Chapter Twelve

Dilys watched as it came towards them, conscious of a tremendous relief. Soon, now, she would be on her way to houses and people. To the field and ships and the warm comfort and security of familiar things.

"They've come!" Her voice carried gladness. "They've come to rescue us!"

Egulus said, "They must have picked up our signals and come to investigate."

He was more cautious than the girl, and with reason. Investigation did not assume rescue; that implied payment and they had little to offer. A caution Dumarest shared.

"Spread out," he said. "Bochner, you take the left and I'll take the right. If they move against us, don't hesitate to act."

Orders which, for once, the hunter didn't object to obeying. He took up his position, looking at the advancing raft, head tilted, eyes narrowed.

"Small," he commented. "It could belong to a lone prospector or hunter."

"It's seen us," said Dilys. "It's heading directly toward the smoke."

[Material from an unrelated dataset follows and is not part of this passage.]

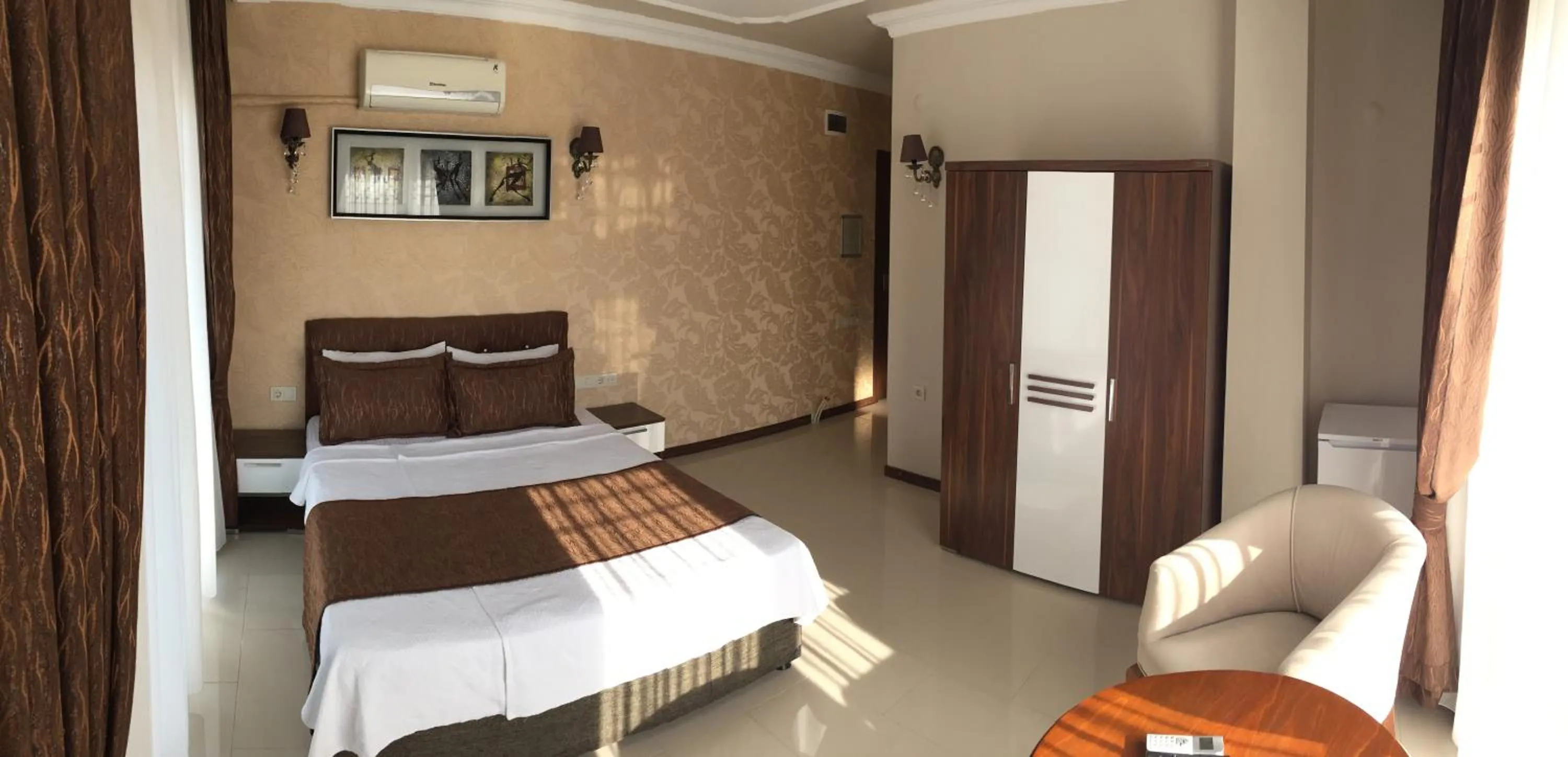 Bed in Geyi̇kli̇ Sunshi̇ne Hotel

Words spoken for reassurance-it had been obvious from the first that the raft was making for the peak on which they stood. Dumarest watched as it lowered its line of flight. Small, as Bochner had said, a hollow shell fitted with controls at one end, a rail around the body which would hold a padded seat. If there was a protective canopy, it was folded back. The body holding the antigrav units was equipped with landing skids, and the sound of the engine powering the units was a soft humming purr.

It would be holding one man at least, the driver. Then, as he caught a blur of movement, Dumarest revised his figures. Two men, including the driver. The head he had seen toward the rear of the craft could not have belonged to the man at the controls.

"Two men." Bochner had also spotted the movement. "Either that's all there are or the rest are lying low. In which case, we could have a problem."

"Earl?" Dilys had heard and looked questioningly at Dumarest. "What does he mean?"

"Nothing. Just wave and call out."

To act the person in distress and to reveal the fact that she was a woman. Bait, if those who could be lurking inside the raft were scavengers; men who would kill for the sake of what they could steal. A good reason for landing if those within the vehicle were not the honest rescuers she thought.

The craft dropped lower, slowed, passed over them to swing in a wide circle over the sea before returning to settle gently on the edge of the summit.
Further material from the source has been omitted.